Siza Vieira diz que tocar na obra de Távora é “inqualificável” e “de uma arrogância enorme”

Siza Vieira diz que tocar na obra de Távora é “inqualificável” e “de uma arrogância enorme”

Siza VieiraSiza Vieira entende que a retirada pela Câmara do Porto da estátua “O Porto” da Casa dos 24, a última obra de Fernando Távora, falecido em 2005, é “inacreditável”, “inqualificável” e “de uma arrogância enorme”.
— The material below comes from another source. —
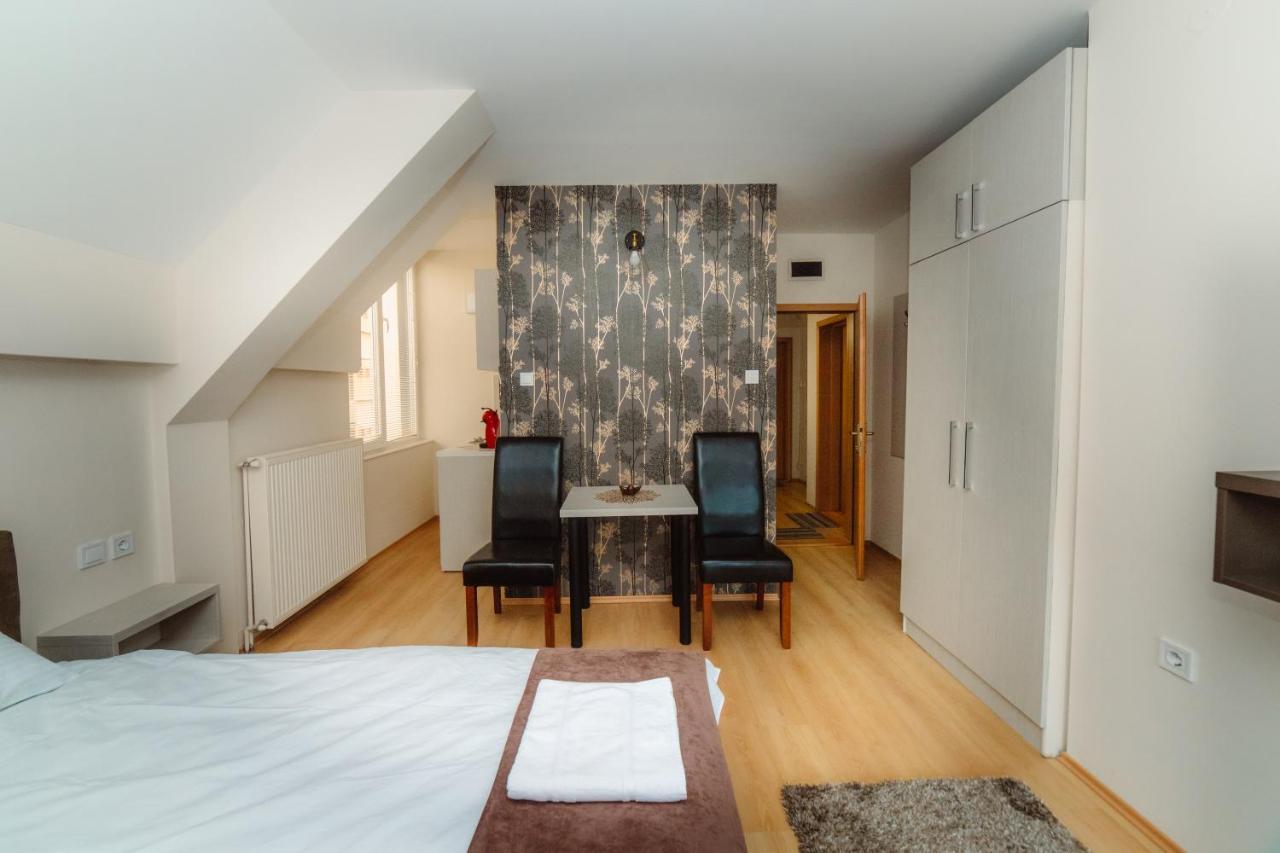 Duga Apartmani Kragujevac Dış mekan fotoğraf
“Acho inacreditável, absolutamente inacreditável, que se tenha tocado seja no que for”, começou por dizer, reagindo à notícia do Porto24 de que o município havia transferido a estátua do guerreiro em granito, com cerca de 200 anos, para a Praça da Liberdade.
“É uma modificação de um elemento que está lá e que tem um sentido na arquitectura, simplesmente por aflição do presidente [da Câmara do Porto]. Valha-nos Nossa Senhora dos Aflitos”, criticou, esta segunda-feira, o arquitecto ao P24.
O arquitecto que tem obras por todo o mundo e recebeu em 1992 o Prémio Pritzker (considerado o Nobel da Arquitectura) acrescenta que o que a autarquia fez, “sem ouvir ninguém”, é “inqualificável”, sobretudo tratando-se de “um arquitecto considerado”, em Portugal e no estrangeiro, e de “um projecto celebrado” e que teve a concordância da mesma autarquia – a também conhecida como Torre da Câmara foi inaugurada por Rui Rio a 24 de Outubro de 2003.
“Admito que o presidente [da Câmara do Porto] não goste, mas, se isto acontecesse em todo o país, não sei o que ficaria de pé”, diz Siza Vieira.
Na cerimónia que visou assinalar o regresso da estátua à Praça da Liberdade, Rui Rio confessou que “desde o primeiro dia em que chegou à Câmara lhe causava uma certa aflição a estátua estar no sítio onde estava”.
A Rui Rio incomodava-o, sobretudo, o facto de a escultura “não estar próxima do sítio a que pertence, que é a antiga Praça Nova, como se chamava nessa altura, no início do século XIX, a Praça da Liberdade”.
Nem Siza foi ouvido

A estátua “O Porto” está desde sexta-feira na Praça da Liberdade. Foto: Miguel Oliveira
Sobre o local escolhido para acolher a escultura de João Alão, o co-autor do actual desenho da Praça da Liberdade também não foi ouvido. “Os projectistas, eu e o Souto Moura, não foram ouvidos. Ninguém nos perguntou nada, mas também ninguém nos perguntou para trocarem as árvores que estavam no nosso projecto”, lamenta o arquitecto, que diz serem, hoje em dia, “múltiplos os sinais de desprezo absoluto pelo que é a obra de arquitectura”.
“Não basta uma pessoa não gostar. A arquitectura não se resolve por referendo”, sublinhou na conversa telefónica com o P24, em que recordou que, “na grande manifestação contra o projecto da Avenida dos Aliados, estiveram 23 pessoas”.
Siza Vieira disse ainda ao P24 que Fernando Távora lhe mostrou o projecto durante a fase de concepção da Casa dos 24 e que ele foi uma das vozes que defenderam a sua visão, inclusive junto do então Instituto Português do Património Arquitectónico (IPPAR). “Sabendo que eu estava a fazer o projecto da Avenida da Ponte, ele quis mostrar-me o projecto e eu fiquei encantado. O projecto que ele fez é uma unidade e consegue fazer ler o envolvimento da Sé”, justifica Siza, explicando que aquela zona, “com as demolições dos anos 40″, havia ficado “desamparada”.
“Com um único bloco, ele consegue dar a ideia do que era a relação da Sé com a cidade”, sublinha Siza Vieira.
Esta sexta-feira, a Ordem dos Arquitectos e a família de Fernando Távora mostraram-se chocados com saída da simbólica estátua da Sé.
O P24 procurou, no mesmo dia, obter uma reacção da Câmara do Porto, mas até ao momento não foi possível obter uma resposta do município.